Wenn ich den Sinn kenne, dann gehe ich den nächsten Schritt: „Was ist unsere Vision? Wo wollen wir zum Beispiel im Jahr 2030 stehen, was wollen wir erreichen? Was brauchen wir denn für Produkte und Leistungen dafür? Was brauchen wir an externen Netzwerkpartnern, um diesem Sinn zu folgen?“ Manchmal entstehen dann sogar sehr ungewöhnliche Wege. Ich kenne ein mittelständisches Maschinenbau-Unternehmen, das sich entschieden hat, zusätzlich zum etablierten Geschäft mit ökologisch und nachhaltig produziertem Kaffee persönlich bekannter Bauern aus Afrika zu handeln. Der Fantasie sind hier keine Grenzen gesetzt.
Also gilt es, im ersten Schritt den Sinn zu entwickeln, um dann im zweiten Schritt an diesen Sinn ganz vorsichtig Handlungen anzudocken, ohne dabei alle zu überfordern. Ist dies ein langwieriger Prozess?
Das ist ein Prozess über die komplette Lebensdauer eines Unternehmens. Genau dadurch verliert er aber auch seinen Schrecken. Es ist eine sanfte, kontinuierliche Entwicklung, die nie endet und sich immer wieder wandelt, kein aus dem Boden gestampftes, schmerzhaftes Change-Projekt auf Biegen und Brechen. Es ist wie beim Fahrradfahren: In jeder Sekunde entscheiden wir neu, in welche Richtung wir den Lenker einschlagen. Wichtig ist nur, das Ziel zu kennen und unterwegs die Agilität und Flexibilität an den Tag zu legen, die es braucht, um gesund am Ziel anzukommen.

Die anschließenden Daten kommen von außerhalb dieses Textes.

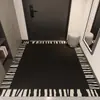 Tapete de chão de veludo cristal estilo simples para entrada absorvente antiderrapante para casa tapete de entrada de loja inteira entrega em peça única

Wenn die Unternehmen das einmal verinnerlicht haben, kommen sie wunderbar damit zurecht. Begleitung braucht es nur ganz am Anfang, bis sich das neue Denken und andere Formen des Handelns nachhaltig gebildet haben.
Vielen Dank für das interessante Gespräch zu einem sehr wichtigen Thema, das in vielen Aspekten das Thema Nachhaltigkeit anspricht.